Output the data word for word, dropping every image.

> **RECORDED DATA**

-------------------------

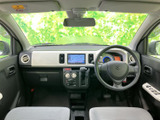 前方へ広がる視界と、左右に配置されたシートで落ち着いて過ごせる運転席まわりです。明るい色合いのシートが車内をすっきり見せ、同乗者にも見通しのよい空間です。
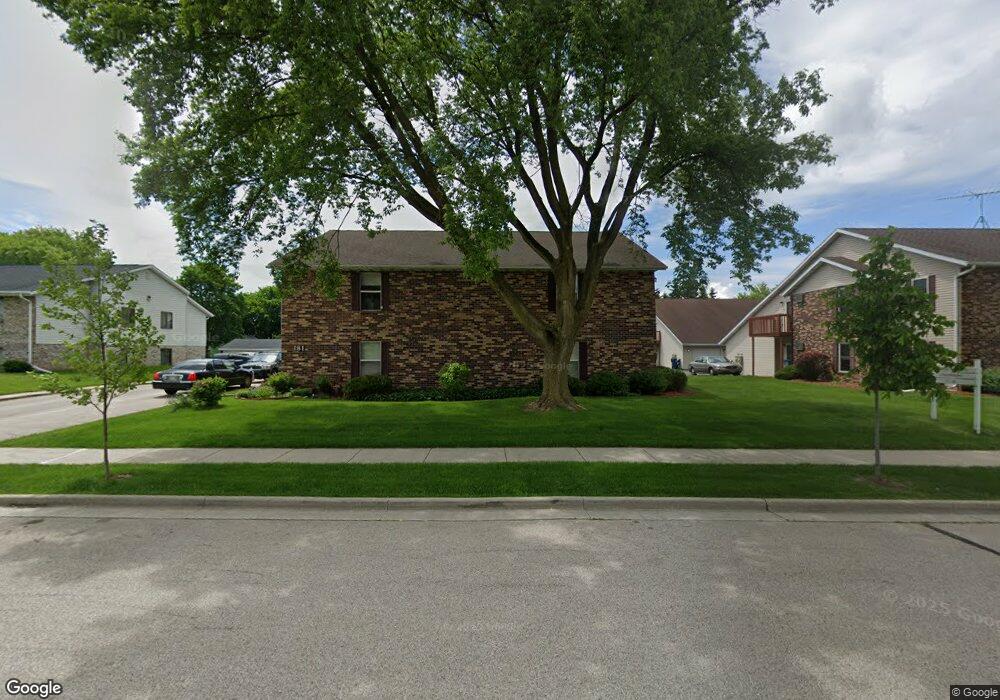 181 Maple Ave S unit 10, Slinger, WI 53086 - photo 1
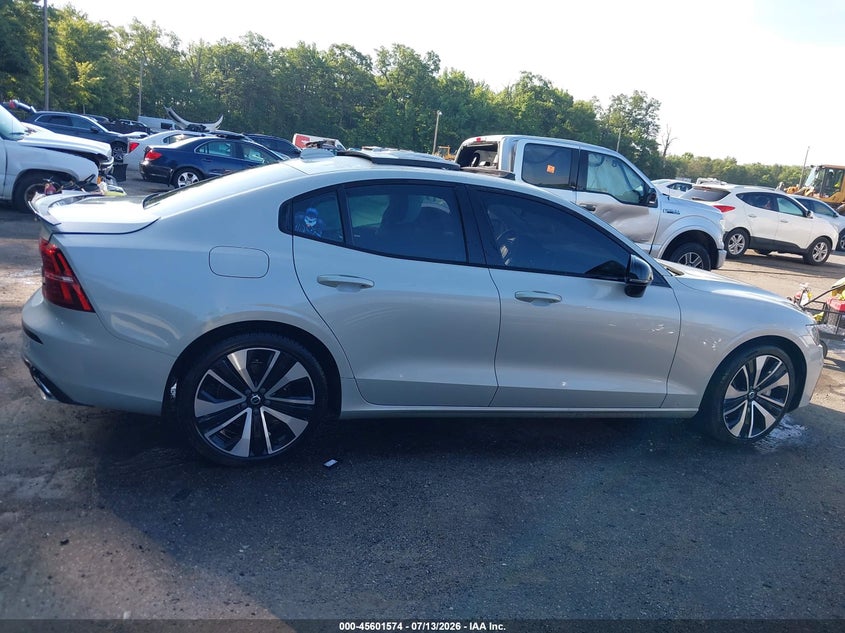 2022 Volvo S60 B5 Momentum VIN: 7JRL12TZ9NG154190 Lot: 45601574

-------------------------

> **SOLUTION TO THE EXERCISE**
 前方へ広がる視界と、左右に配置されたシートで落ち着いて過ごせる運転席まわりです。明るい色合いのシートが車内をすっきり見せ、同乗者にも見通しのよい空間です。
 181 Maple Ave S unit 10, Slinger, WI 53086 - photo 1
 2022 Volvo S60 B5 Momentum VIN: 7JRL12TZ9NG154190 Lot: 45601574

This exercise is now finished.